JUNE 7, 2007 -- Prosodie, an online services provider, is rolling out a next-generation network from Nortel (search for Nortel) to improve operational efficiency and support more corporate clients with high-bandwidth communications such as voice, data, and multimedia services.
Nortel says it will connect six major Prosodie sites across the Paris and Rhône-Alpes region of France, converging services over a single enhanced network to deliver the flexibility and bandwidth needed for supporting Prosodie clients that want to securely outsource all or part of their communications services.
"Today, our corporate clients trust us with the management of their most critical business applications," says Patrice Merrien, head of Infrastructure and Technical Resources at Prosodie. "We have implemented an infrastructure adapted to client needs [that] is always available, high-performance, and flexible. This infrastructure also handles the transmission of voice and data traffic between our different Prosodie sites," says Merrien. "Due to the upgradeability and flexibility of the Nortel solution, we now have a simplified method for managing sustained traffic growth while increasing our service availability."
"The new era of hyper-connectivity, where everything that can be connected to the network will be connected, is fueling huge increases in bandwidth demand," adds Philippe Morin, president of Metro Ethernet Networks at Nortel. "For outsourcing service providers like Prosodie, this trend is multiplied across hundreds of clients in varying locations. Nortel focuses its technology on simplifying network complexity and making the numbers of people and devices on the network much easier to manage."

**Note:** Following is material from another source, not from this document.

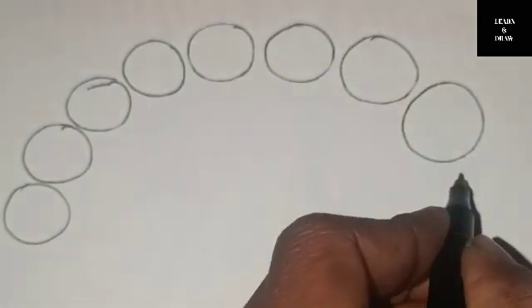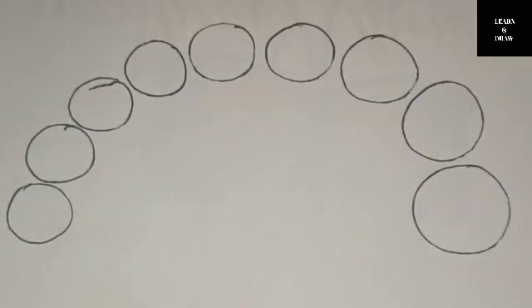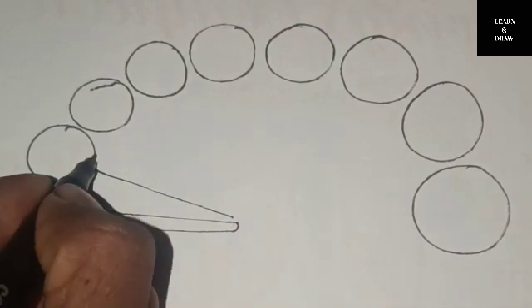Hickory-dickory-dock, the bird looked at the clock. The clock struck two, away she flew. Hickory-dickory-dock. Tick-tock, tick-tock.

The Prosodie network will include the Nortel Optical Multiservice Edge 6500 and 6100, Nortel Optical Metro 5200, and Nortel Global Services. The Optical Multiservice Edge 6500 will provide optical transport via SDH backbone links at 2.5-Gbit/sec DWDM, upgradeable to 10 Gbits/sec. According to Nortel, this will afford Prosodie the flexibility to add a multitude of services across the 10G infrastructure as its business dictates. The Optical Multiservice Edge 6100 will take the access traffic levels of 2 Mbits/sec to 2.5 Gbits/sec and feed them into the 6500. Optical Metro 5200, which Nortel claims is the most widely-used WDM multi-services platform in France and across the world, will enable the underlying WDM transport layer.
Nortel will manage rollout of the network at the various sites, and Prosodie teams will perform the transfer of applications to the new network.